Ces groupes se différencient notamment par leurs dialectes et leurs terminologies
de parenté, de type eskimo chez les uns, hawaïen chez les autres.
Il me semble avoir repéré trois niveaux d'organisation socio-familiale : 1) la
famille élémentaire ; 2) une famille étendue d'extension très variable : certains
siblings d'une phratrie, leurs conjoints et leurs enfants, ou un couple et ses enfants
mariés, ou parfois des cousins au premier degré et leurs enfants, etc. Cette unité se
manifeste lors des beuveries et travaux collectifs, tels que la fabrication d'une
pirogue, le débroussaillage d'une planche de riz ou de maïs.

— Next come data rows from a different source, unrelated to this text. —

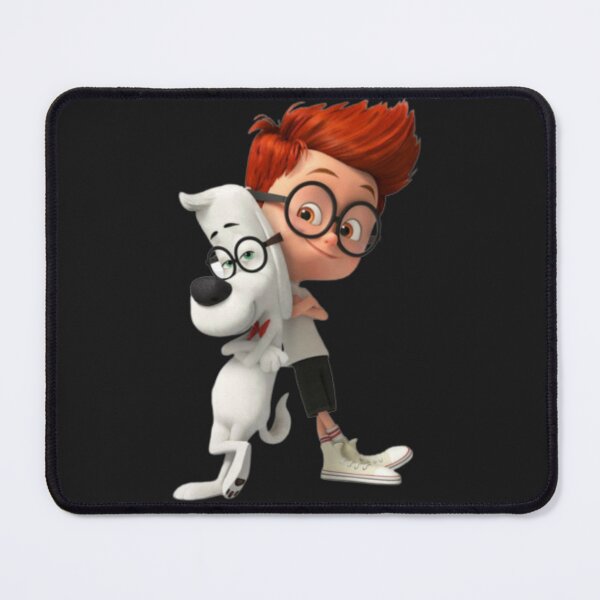 Artikelvorschau, Herr Peabody Sherman entworfen und verkauft von roniy2022.
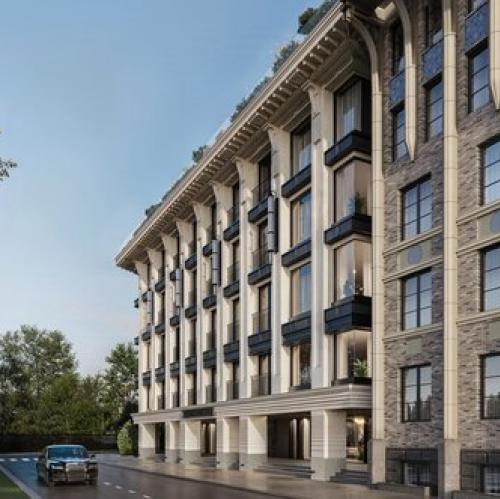 2-комн квартира Эсперова улица,  д. 6
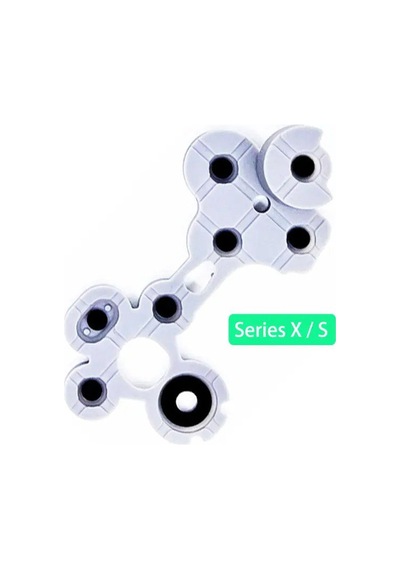 Xbox Series X/s İç Lastik Kol Tamiri Silikon İletken Yedek Parça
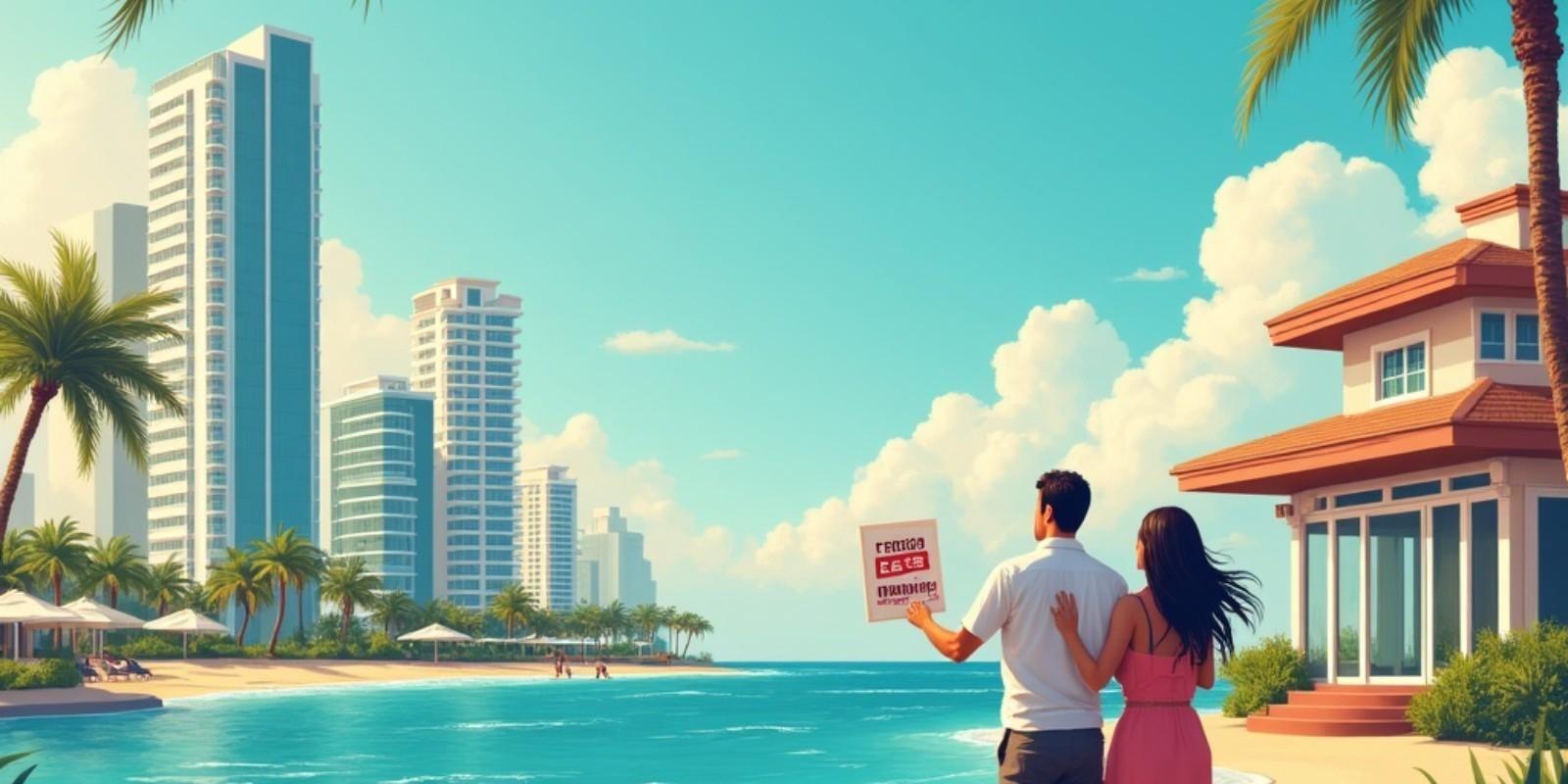 La estabilidad del mercado y la confianza jurídica hacen de Florida un destino seguro para invertir.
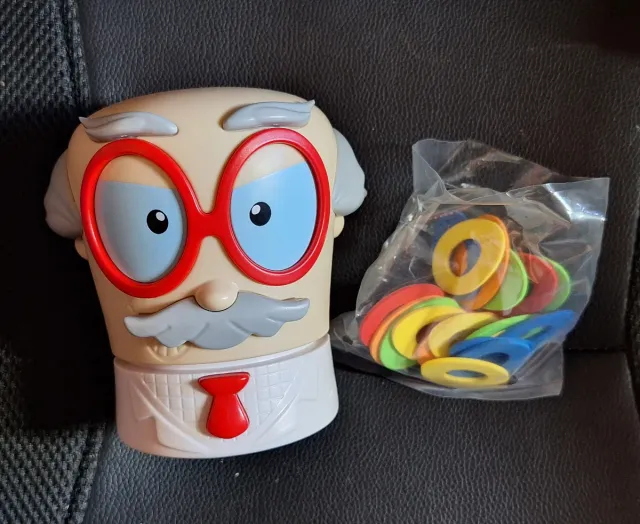 Juego de Mesa Don Listillo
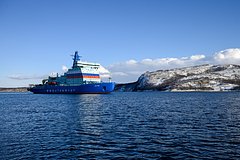 Названы главные риски для Северного морского пути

Elle implique souvent
la possession en commun de certains outils (moulins à maïs en fonte, moulins à
canne à sucre) , et un partage de la viande de chasse. Elle englobe de deux à quatre
ou cinq cases ; 3) la « rivière », qui présente une certaine homogénéité culturelle
et dont on peut se demander si elle forme une unité à caractère endogamique du
type dème. Seule la détermination de l'ensemble des alliances du Nauca permettra
de répondre à cette question, mais on peut déjà supposer qu'on a affaire à une
préférence pour la duplication des alliances antérieures par des alliances parallèles
qui entraîneraient des déplacements de groupes entiers d'une rivière à une autre
et formeraient en définitive le modèle d'un schéma migratoire.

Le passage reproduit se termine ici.